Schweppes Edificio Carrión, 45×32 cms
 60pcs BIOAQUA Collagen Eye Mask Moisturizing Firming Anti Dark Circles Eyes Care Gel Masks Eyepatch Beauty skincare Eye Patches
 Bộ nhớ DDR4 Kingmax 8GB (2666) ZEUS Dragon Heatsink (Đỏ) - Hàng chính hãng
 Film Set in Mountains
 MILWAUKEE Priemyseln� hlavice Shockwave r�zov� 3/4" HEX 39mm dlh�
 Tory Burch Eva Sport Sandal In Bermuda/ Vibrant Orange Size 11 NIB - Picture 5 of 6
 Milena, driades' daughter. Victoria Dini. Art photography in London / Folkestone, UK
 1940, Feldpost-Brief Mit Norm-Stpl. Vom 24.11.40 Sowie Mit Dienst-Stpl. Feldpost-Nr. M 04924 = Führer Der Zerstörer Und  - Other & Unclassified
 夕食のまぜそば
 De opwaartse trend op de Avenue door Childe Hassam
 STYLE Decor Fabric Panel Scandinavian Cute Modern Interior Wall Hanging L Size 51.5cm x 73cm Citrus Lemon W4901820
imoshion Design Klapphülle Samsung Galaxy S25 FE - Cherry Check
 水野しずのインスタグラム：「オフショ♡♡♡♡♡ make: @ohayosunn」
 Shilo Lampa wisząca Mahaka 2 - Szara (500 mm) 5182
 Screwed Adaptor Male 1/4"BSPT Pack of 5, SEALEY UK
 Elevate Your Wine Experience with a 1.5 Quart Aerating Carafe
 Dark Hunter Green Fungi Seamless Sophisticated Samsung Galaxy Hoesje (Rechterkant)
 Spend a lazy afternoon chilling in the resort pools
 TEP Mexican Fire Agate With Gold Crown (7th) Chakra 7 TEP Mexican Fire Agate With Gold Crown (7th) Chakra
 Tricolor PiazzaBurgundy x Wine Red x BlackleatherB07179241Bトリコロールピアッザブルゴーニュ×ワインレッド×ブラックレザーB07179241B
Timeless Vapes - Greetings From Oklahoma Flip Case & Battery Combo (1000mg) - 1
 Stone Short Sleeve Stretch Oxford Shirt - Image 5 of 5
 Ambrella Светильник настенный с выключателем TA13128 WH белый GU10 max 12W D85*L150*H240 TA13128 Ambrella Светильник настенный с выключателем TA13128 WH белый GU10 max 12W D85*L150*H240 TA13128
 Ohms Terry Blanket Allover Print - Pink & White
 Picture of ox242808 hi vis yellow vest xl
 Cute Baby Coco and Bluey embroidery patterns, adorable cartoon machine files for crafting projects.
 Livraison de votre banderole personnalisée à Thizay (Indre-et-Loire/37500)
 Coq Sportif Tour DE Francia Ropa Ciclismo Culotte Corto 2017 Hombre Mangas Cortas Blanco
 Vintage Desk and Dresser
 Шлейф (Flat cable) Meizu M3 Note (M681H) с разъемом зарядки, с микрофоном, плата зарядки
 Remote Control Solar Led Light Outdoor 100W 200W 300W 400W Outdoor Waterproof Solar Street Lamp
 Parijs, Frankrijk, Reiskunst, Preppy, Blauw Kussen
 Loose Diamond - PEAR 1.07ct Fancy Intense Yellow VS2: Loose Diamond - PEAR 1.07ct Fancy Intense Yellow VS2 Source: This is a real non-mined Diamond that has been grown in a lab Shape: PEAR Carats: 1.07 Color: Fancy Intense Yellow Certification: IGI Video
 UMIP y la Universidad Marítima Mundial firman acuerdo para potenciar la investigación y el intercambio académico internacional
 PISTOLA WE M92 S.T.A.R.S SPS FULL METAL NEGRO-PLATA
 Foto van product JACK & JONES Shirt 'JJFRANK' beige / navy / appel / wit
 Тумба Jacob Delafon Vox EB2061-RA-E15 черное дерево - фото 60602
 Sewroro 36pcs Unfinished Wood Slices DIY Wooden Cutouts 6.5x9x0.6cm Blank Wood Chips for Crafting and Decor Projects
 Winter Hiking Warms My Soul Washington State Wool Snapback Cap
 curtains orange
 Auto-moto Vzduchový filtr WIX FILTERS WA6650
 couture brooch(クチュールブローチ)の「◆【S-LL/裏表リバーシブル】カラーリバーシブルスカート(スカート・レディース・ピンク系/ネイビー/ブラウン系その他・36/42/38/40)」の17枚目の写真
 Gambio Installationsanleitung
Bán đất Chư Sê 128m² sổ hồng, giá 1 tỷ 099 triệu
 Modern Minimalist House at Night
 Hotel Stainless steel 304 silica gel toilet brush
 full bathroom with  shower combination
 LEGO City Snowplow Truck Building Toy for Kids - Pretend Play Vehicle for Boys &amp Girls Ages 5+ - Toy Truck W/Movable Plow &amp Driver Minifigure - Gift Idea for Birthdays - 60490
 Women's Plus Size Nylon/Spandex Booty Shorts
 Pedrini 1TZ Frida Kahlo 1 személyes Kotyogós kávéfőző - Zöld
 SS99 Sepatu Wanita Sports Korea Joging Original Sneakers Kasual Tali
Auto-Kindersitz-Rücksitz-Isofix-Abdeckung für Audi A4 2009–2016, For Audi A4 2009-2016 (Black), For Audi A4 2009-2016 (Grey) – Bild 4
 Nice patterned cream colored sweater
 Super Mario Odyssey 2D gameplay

TASK BRIEF
What you give back must be the stretch above, starting at the line with "Тумба Jacob Delafon" and ending at the line with "Auto-moto Vzduchový filtr WIX FILTERS WA6650", copied exactly.

YOUR RESPONSE
 Тумба Jacob Delafon Vox EB2061-RA-E15 черное дерево - фото 60602
 Sewroro 36pcs Unfinished Wood Slices DIY Wooden Cutouts 6.5x9x0.6cm Blank Wood Chips for Crafting and Decor Projects
 Winter Hiking Warms My Soul Washington State Wool Snapback Cap
 curtains orange
 Auto-moto Vzduchový filtr WIX FILTERS WA6650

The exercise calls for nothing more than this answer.